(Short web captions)
+++++

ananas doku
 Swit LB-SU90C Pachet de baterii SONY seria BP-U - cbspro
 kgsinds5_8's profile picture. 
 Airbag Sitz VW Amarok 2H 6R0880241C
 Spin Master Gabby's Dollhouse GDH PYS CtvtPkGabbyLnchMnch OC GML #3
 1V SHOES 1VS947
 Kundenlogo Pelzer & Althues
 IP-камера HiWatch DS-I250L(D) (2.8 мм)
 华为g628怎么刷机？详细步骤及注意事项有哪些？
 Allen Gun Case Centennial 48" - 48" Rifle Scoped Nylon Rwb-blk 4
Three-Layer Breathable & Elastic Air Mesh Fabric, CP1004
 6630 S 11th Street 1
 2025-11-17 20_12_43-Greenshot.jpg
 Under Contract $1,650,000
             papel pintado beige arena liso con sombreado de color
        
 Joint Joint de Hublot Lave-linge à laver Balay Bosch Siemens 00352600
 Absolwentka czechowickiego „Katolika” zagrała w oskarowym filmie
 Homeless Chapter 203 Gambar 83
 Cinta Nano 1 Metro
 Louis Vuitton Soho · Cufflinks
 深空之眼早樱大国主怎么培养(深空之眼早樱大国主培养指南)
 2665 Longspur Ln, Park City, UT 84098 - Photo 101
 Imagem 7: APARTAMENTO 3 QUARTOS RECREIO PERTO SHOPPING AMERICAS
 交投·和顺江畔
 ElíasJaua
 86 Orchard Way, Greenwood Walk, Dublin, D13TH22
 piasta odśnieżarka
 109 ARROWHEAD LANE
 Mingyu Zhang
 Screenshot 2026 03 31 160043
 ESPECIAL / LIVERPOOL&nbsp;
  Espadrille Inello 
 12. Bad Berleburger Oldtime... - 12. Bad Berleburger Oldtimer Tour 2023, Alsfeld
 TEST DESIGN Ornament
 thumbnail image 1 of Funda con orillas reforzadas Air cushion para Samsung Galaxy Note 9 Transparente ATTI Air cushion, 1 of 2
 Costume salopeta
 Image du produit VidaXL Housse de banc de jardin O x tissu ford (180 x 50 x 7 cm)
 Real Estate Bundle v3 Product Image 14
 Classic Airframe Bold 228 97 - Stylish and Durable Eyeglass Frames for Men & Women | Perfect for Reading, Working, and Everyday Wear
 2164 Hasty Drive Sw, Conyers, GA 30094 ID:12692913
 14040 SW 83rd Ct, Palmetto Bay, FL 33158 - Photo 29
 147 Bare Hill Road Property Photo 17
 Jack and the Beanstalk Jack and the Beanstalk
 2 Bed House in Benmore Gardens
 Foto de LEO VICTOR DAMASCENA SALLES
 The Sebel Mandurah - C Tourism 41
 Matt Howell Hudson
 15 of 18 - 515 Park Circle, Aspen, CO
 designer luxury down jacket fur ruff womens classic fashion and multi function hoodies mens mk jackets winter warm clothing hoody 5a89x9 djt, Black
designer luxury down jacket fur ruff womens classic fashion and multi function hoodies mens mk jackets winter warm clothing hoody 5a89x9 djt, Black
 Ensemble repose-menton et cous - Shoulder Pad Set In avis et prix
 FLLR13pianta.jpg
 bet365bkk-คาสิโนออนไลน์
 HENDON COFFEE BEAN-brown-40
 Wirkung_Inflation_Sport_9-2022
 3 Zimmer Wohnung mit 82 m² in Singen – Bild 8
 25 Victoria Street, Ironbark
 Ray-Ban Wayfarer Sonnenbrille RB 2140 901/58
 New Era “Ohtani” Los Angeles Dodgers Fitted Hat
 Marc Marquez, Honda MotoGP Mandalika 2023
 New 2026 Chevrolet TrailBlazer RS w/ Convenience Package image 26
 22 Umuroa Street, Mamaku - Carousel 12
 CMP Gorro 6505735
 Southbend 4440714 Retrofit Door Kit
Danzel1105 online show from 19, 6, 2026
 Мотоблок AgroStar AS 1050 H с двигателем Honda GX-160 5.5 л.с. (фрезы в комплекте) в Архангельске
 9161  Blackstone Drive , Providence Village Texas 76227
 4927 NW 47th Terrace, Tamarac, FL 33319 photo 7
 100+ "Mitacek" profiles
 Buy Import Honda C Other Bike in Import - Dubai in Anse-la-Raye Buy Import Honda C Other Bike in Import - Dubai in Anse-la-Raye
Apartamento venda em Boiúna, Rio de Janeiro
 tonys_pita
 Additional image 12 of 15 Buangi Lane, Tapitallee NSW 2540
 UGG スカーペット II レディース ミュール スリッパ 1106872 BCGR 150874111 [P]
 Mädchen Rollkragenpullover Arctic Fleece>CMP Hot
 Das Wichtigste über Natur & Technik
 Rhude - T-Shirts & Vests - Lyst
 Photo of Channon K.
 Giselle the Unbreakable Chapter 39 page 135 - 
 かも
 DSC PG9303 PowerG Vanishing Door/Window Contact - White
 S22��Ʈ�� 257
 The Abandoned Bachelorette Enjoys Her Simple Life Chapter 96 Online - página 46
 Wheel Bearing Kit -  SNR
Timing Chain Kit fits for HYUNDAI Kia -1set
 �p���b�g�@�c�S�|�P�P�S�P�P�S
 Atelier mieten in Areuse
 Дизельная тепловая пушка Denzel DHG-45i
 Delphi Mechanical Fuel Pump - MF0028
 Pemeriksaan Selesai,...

+++++

> **Task to carry out**
Write out every entry again, keeping each line exactly the same.

> **Exercise output**
ananas doku
 Swit LB-SU90C Pachet de baterii SONY seria BP-U - cbspro
 kgsinds5_8's profile picture. 
 Airbag Sitz VW Amarok 2H 6R0880241C
 Spin Master Gabby's Dollhouse GDH PYS CtvtPkGabbyLnchMnch OC GML #3
 1V SHOES 1VS947
 Kundenlogo Pelzer & Althues
 IP-камера HiWatch DS-I250L(D) (2.8 мм)
 华为g628怎么刷机？详细步骤及注意事项有哪些？
 Allen Gun Case Centennial 48" - 48" Rifle Scoped Nylon Rwb-blk 4
Three-Layer Breathable & Elastic Air Mesh Fabric, CP1004
 6630 S 11th Street 1
 2025-11-17 20_12_43-Greenshot.jpg
 Under Contract $1,650,000
             papel pintado beige arena liso con sombreado de color
        
 Joint Joint de Hublot Lave-linge à laver Balay Bosch Siemens 00352600
 Absolwentka czechowickiego „Katolika” zagrała w oskarowym filmie
 Homeless Chapter 203 Gambar 83
 Cinta Nano 1 Metro
 Louis Vuitton Soho · Cufflinks
 深空之眼早樱大国主怎么培养(深空之眼早樱大国主培养指南)
 2665 Longspur Ln, Park City, UT 84098 - Photo 101
 Imagem 7: APARTAMENTO 3 QUARTOS RECREIO PERTO SHOPPING AMERICAS
 交投·和顺江畔
 ElíasJaua
 86 Orchard Way, Greenwood Walk, Dublin, D13TH22
 piasta odśnieżarka
 109 ARROWHEAD LANE
 Mingyu Zhang
 Screenshot 2026 03 31 160043
 ESPECIAL / LIVERPOOL&nbsp;
  Espadrille Inello 
 12. Bad Berleburger Oldtime... - 12. Bad Berleburger Oldtimer Tour 2023, Alsfeld
 TEST DESIGN Ornament
 thumbnail image 1 of Funda con orillas reforzadas Air cushion para Samsung Galaxy Note 9 Transparente ATTI Air cushion, 1 of 2
 Costume salopeta
 Image du produit VidaXL Housse de banc de jardin O x tissu ford (180 x 50 x 7 cm)
 Real Estate Bundle v3 Product Image 14
 Classic Airframe Bold 228 97 - Stylish and Durable Eyeglass Frames for Men & Women | Perfect for Reading, Working, and Everyday Wear
 2164 Hasty Drive Sw, Conyers, GA 30094 ID:12692913
 14040 SW 83rd Ct, Palmetto Bay, FL 33158 - Photo 29
 147 Bare Hill Road Property Photo 17
 Jack and the Beanstalk Jack and the Beanstalk
 2 Bed House in Benmore Gardens
 Foto de LEO VICTOR DAMASCENA SALLES
 The Sebel Mandurah - C Tourism 41
 Matt Howell Hudson
 15 of 18 - 515 Park Circle, Aspen, CO
 designer luxury down jacket fur ruff womens classic fashion and multi function hoodies mens mk jackets winter warm clothing hoody 5a89x9 djt, Black
designer luxury down jacket fur ruff womens classic fashion and multi function hoodies mens mk jackets winter warm clothing hoody 5a89x9 djt, Black
 Ensemble repose-menton et cous - Shoulder Pad Set In avis et prix
 FLLR13pianta.jpg
 bet365bkk-คาสิโนออนไลน์
 HENDON COFFEE BEAN-brown-40
 Wirkung_Inflation_Sport_9-2022
 3 Zimmer Wohnung mit 82 m² in Singen – Bild 8
 25 Victoria Street, Ironbark
 Ray-Ban Wayfarer Sonnenbrille RB 2140 901/58
 New Era “Ohtani” Los Angeles Dodgers Fitted Hat
 Marc Marquez, Honda MotoGP Mandalika 2023
 New 2026 Chevrolet TrailBlazer RS w/ Convenience Package image 26
 22 Umuroa Street, Mamaku - Carousel 12
 CMP Gorro 6505735
 Southbend 4440714 Retrofit Door Kit
Danzel1105 online show from 19, 6, 2026
 Мотоблок AgroStar AS 1050 H с двигателем Honda GX-160 5.5 л.с. (фрезы в комплекте) в Архангельске
 9161  Blackstone Drive , Providence Village Texas 76227
 4927 NW 47th Terrace, Tamarac, FL 33319 photo 7
 100+ "Mitacek" profiles
 Buy Import Honda C Other Bike in Import - Dubai in Anse-la-Raye Buy Import Honda C Other Bike in Import - Dubai in Anse-la-Raye
Apartamento venda em Boiúna, Rio de Janeiro
 tonys_pita
 Additional image 12 of 15 Buangi Lane, Tapitallee NSW 2540
 UGG スカーペット II レディース ミュール スリッパ 1106872 BCGR 150874111 [P]
 Mädchen Rollkragenpullover Arctic Fleece>CMP Hot
 Das Wichtigste über Natur & Technik
 Rhude - T-Shirts & Vests - Lyst
 Photo of Channon K.
 Giselle the Unbreakable Chapter 39 page 135 - 
 かも
 DSC PG9303 PowerG Vanishing Door/Window Contact - White
 S22��Ʈ�� 257
 The Abandoned Bachelorette Enjoys Her Simple Life Chapter 96 Online - página 46
 Wheel Bearing Kit -  SNR
Timing Chain Kit fits for HYUNDAI Kia -1set
 �p���b�g�@�c�S�|�P�P�S�P�P�S
 Atelier mieten in Areuse
 Дизельная тепловая пушка Denzel DHG-45i
 Delphi Mechanical Fuel Pump - MF0028
 Pemeriksaan Selesai,...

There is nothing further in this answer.